Lord Justice of Appeal
- In office 1986–1992

Justice of the High Court
- In office 1973–1986

Personal details
- Born: John Dexter Stocker

= John Stocker (judge) =

Sir John Dexter Stocker, MC, TD, PC (7 October 1918 – 27 December 1997) was a British judge. He was a Lord Justice of Appeal from 1986 until his retirement in 1992.

Born in Wimbledon, the son of a chartered accountant, Stocker was educated at Westminster School and the University of London, where he read Law. During the Second World War, he served with the Queen's Own Royal West Kent Regiment. He saw action at Dunkirk, El Alamein, and in Italy. He won the Military Cross at the Battle of Monte Cassino. He reached the rank of lieutenant-colonel.

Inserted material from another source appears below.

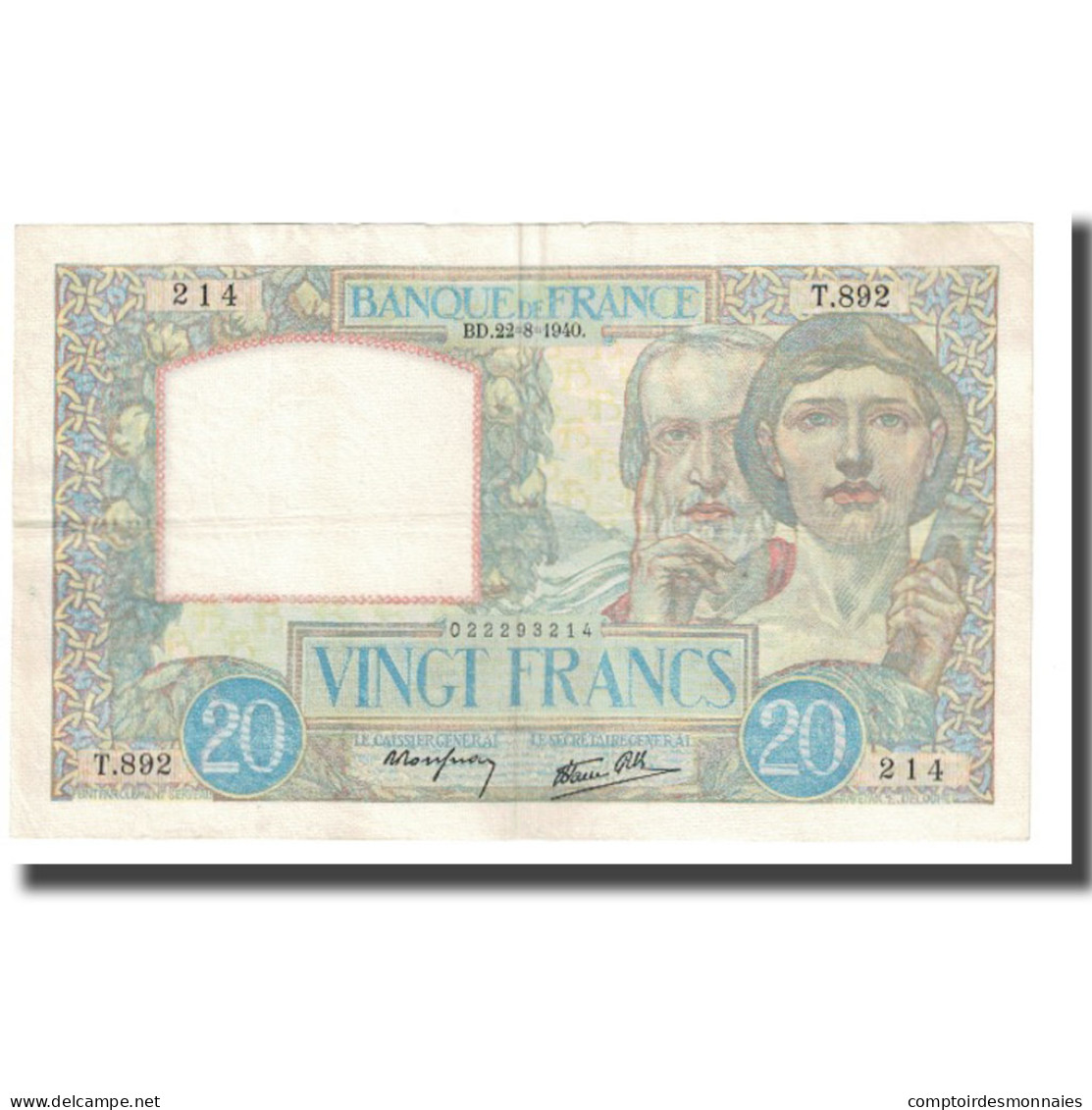 France, 20 Francs, Science Et Travail, 1940, P. Rousseau And R. Favre-Gilly - 20 F 1939-1942 ''Science Et Travail''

Having intended to become a solicitor, he changed his mind and was called to the Bar by the Middle Temple in 1948. Becoming a Queen's Counsel in 1965, Stocker built a large common law practice, specialising in personal injury cases. He was counsel to the Widgery Tribunal.

Stocker was appointed to the High Court in 1973, receiving the customary knighthood. Assigned to the Queen's Bench Division, he was promoted to the Court of Appeal in 1986. He retired in 1992.